- [Description of the task]: Line by line, copy the listing below exactly.

START Data extracts

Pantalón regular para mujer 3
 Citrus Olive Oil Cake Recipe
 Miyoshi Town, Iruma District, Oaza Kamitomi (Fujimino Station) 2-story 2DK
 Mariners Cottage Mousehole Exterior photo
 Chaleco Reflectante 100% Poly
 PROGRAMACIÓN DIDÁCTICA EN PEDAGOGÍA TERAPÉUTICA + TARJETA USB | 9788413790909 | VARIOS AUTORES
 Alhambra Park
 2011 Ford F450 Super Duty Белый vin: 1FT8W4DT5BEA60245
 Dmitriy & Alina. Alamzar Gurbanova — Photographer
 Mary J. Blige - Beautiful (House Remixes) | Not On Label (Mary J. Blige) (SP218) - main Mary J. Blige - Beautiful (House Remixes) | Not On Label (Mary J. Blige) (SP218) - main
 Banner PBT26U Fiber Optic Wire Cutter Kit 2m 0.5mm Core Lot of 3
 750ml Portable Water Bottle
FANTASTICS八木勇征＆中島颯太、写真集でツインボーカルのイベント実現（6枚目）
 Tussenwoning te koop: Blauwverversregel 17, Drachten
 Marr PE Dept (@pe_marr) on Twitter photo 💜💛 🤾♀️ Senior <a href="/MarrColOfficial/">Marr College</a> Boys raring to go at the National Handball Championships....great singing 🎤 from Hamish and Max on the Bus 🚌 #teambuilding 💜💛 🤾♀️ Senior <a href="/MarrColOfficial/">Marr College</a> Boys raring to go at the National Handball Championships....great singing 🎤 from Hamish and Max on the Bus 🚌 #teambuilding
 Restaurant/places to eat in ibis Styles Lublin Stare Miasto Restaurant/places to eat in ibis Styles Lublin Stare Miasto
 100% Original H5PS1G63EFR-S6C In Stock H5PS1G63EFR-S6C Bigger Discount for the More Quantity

END Data extracts

- [Solution to the exercise]:
Pantalón regular para mujer 3
 Citrus Olive Oil Cake Recipe
 Miyoshi Town, Iruma District, Oaza Kamitomi (Fujimino Station) 2-story 2DK
 Mariners Cottage Mousehole Exterior photo
 Chaleco Reflectante 100% Poly
 PROGRAMACIÓN DIDÁCTICA EN PEDAGOGÍA TERAPÉUTICA + TARJETA USB | 9788413790909 | VARIOS AUTORES
 Alhambra Park
 2011 Ford F450 Super Duty Белый vin: 1FT8W4DT5BEA60245
 Dmitriy & Alina. Alamzar Gurbanova — Photographer
 Mary J. Blige - Beautiful (House Remixes) | Not On Label (Mary J. Blige) (SP218) - main Mary J. Blige - Beautiful (House Remixes) | Not On Label (Mary J. Blige) (SP218) - main
 Banner PBT26U Fiber Optic Wire Cutter Kit 2m 0.5mm Core Lot of 3
 750ml Portable Water Bottle
FANTASTICS八木勇征＆中島颯太、写真集でツインボーカルのイベント実現（6枚目）
 Tussenwoning te koop: Blauwverversregel 17, Drachten
 Marr PE Dept (@pe_marr) on Twitter photo 💜💛 🤾♀️ Senior <a href="/MarrColOfficial/">Marr College</a> Boys raring to go at the National Handball Championships....great singing 🎤 from Hamish and Max on the Bus 🚌 #teambuilding 💜💛 🤾♀️ Senior <a href="/MarrColOfficial/">Marr College</a> Boys raring to go at the National Handball Championships....great singing 🎤 from Hamish and Max on the Bus 🚌 #teambuilding
 Restaurant/places to eat in ibis Styles Lublin Stare Miasto Restaurant/places to eat in ibis Styles Lublin Stare Miasto
 100% Original H5PS1G63EFR-S6C In Stock H5PS1G63EFR-S6C Bigger Discount for the More Quantity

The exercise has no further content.